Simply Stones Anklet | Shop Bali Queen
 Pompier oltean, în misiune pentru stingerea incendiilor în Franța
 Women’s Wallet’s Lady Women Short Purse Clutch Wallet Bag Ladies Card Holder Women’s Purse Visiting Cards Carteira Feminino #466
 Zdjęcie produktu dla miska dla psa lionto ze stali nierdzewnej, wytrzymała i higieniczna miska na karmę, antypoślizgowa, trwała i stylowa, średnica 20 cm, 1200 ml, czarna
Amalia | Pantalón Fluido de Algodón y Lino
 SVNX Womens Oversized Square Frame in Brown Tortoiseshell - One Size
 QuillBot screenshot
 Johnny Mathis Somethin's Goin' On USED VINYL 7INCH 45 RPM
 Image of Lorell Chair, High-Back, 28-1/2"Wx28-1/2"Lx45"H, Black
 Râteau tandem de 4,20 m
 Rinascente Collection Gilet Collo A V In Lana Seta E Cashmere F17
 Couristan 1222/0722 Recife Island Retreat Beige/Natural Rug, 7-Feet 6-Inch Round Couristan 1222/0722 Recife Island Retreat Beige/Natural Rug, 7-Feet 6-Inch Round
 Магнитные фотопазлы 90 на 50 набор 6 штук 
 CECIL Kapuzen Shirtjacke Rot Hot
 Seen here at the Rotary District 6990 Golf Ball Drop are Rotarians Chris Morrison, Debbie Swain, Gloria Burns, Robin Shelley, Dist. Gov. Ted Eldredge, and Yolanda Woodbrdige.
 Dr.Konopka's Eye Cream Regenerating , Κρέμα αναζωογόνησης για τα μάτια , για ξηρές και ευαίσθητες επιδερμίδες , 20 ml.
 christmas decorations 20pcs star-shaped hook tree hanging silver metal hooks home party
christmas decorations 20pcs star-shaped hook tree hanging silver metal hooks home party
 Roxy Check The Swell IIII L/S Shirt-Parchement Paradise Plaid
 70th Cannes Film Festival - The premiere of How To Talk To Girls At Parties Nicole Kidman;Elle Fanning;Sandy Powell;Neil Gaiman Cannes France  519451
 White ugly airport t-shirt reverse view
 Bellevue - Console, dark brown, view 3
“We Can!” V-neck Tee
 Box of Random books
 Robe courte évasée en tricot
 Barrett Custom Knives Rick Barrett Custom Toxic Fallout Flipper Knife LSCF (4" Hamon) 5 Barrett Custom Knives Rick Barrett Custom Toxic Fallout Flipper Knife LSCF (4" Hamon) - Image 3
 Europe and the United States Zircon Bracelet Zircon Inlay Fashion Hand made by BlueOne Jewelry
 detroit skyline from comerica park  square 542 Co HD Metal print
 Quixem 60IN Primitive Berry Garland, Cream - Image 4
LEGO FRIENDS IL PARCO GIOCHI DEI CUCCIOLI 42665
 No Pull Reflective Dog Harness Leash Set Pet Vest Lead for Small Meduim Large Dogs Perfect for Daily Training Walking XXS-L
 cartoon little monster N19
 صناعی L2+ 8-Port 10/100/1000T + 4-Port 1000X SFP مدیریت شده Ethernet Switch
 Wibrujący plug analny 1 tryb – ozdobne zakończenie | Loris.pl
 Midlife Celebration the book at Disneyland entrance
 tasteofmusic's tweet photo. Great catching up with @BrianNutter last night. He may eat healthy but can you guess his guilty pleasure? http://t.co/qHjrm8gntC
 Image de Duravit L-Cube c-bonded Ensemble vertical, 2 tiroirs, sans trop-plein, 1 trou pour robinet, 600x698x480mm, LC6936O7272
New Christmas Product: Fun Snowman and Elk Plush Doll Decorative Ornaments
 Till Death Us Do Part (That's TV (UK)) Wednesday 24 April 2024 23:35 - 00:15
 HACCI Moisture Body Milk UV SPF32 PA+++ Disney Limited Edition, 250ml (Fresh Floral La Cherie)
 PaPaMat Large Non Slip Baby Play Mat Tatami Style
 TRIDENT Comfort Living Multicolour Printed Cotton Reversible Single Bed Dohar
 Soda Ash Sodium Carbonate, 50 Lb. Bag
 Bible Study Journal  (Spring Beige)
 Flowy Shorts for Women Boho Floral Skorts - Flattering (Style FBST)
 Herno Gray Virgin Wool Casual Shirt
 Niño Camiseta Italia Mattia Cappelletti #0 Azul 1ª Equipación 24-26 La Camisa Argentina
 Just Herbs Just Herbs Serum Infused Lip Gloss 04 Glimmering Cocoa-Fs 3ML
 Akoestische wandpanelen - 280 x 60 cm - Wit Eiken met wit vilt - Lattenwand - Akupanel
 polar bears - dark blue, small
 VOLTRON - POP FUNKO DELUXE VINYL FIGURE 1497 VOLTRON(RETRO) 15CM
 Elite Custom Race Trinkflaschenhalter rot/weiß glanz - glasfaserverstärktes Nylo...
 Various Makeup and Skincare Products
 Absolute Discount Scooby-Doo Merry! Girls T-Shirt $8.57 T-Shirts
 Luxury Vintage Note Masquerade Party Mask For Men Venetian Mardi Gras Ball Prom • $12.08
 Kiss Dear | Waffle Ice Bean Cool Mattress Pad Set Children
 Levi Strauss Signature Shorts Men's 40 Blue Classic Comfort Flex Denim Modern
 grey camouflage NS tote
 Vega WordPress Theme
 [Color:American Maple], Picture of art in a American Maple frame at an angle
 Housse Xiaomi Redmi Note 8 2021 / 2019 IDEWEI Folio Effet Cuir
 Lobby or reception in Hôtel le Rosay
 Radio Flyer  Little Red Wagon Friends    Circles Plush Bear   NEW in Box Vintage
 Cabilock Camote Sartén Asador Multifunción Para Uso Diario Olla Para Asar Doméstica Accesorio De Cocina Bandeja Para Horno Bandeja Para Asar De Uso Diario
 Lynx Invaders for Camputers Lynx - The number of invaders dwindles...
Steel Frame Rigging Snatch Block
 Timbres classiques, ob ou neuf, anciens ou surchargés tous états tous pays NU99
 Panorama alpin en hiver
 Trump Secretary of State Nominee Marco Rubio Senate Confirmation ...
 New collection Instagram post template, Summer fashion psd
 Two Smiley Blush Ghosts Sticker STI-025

----------

- Work instruction:
From the first line of the listing above to the line that contains "Магнитные фотопазлы 90 на 50 набор 6 штук", inclusive, restate every line word for word. Nothing else belongs in the answer.

- Task response:
Simply Stones Anklet | Shop Bali Queen
 Pompier oltean, în misiune pentru stingerea incendiilor în Franța
 Women’s Wallet’s Lady Women Short Purse Clutch Wallet Bag Ladies Card Holder Women’s Purse Visiting Cards Carteira Feminino #466
 Zdjęcie produktu dla miska dla psa lionto ze stali nierdzewnej, wytrzymała i higieniczna miska na karmę, antypoślizgowa, trwała i stylowa, średnica 20 cm, 1200 ml, czarna
Amalia | Pantalón Fluido de Algodón y Lino
 SVNX Womens Oversized Square Frame in Brown Tortoiseshell - One Size
 QuillBot screenshot
 Johnny Mathis Somethin's Goin' On USED VINYL 7INCH 45 RPM
 Image of Lorell Chair, High-Back, 28-1/2"Wx28-1/2"Lx45"H, Black
 Râteau tandem de 4,20 m
 Rinascente Collection Gilet Collo A V In Lana Seta E Cashmere F17
 Couristan 1222/0722 Recife Island Retreat Beige/Natural Rug, 7-Feet 6-Inch Round Couristan 1222/0722 Recife Island Retreat Beige/Natural Rug, 7-Feet 6-Inch Round
 Магнитные фотопазлы 90 на 50 набор 6 штук 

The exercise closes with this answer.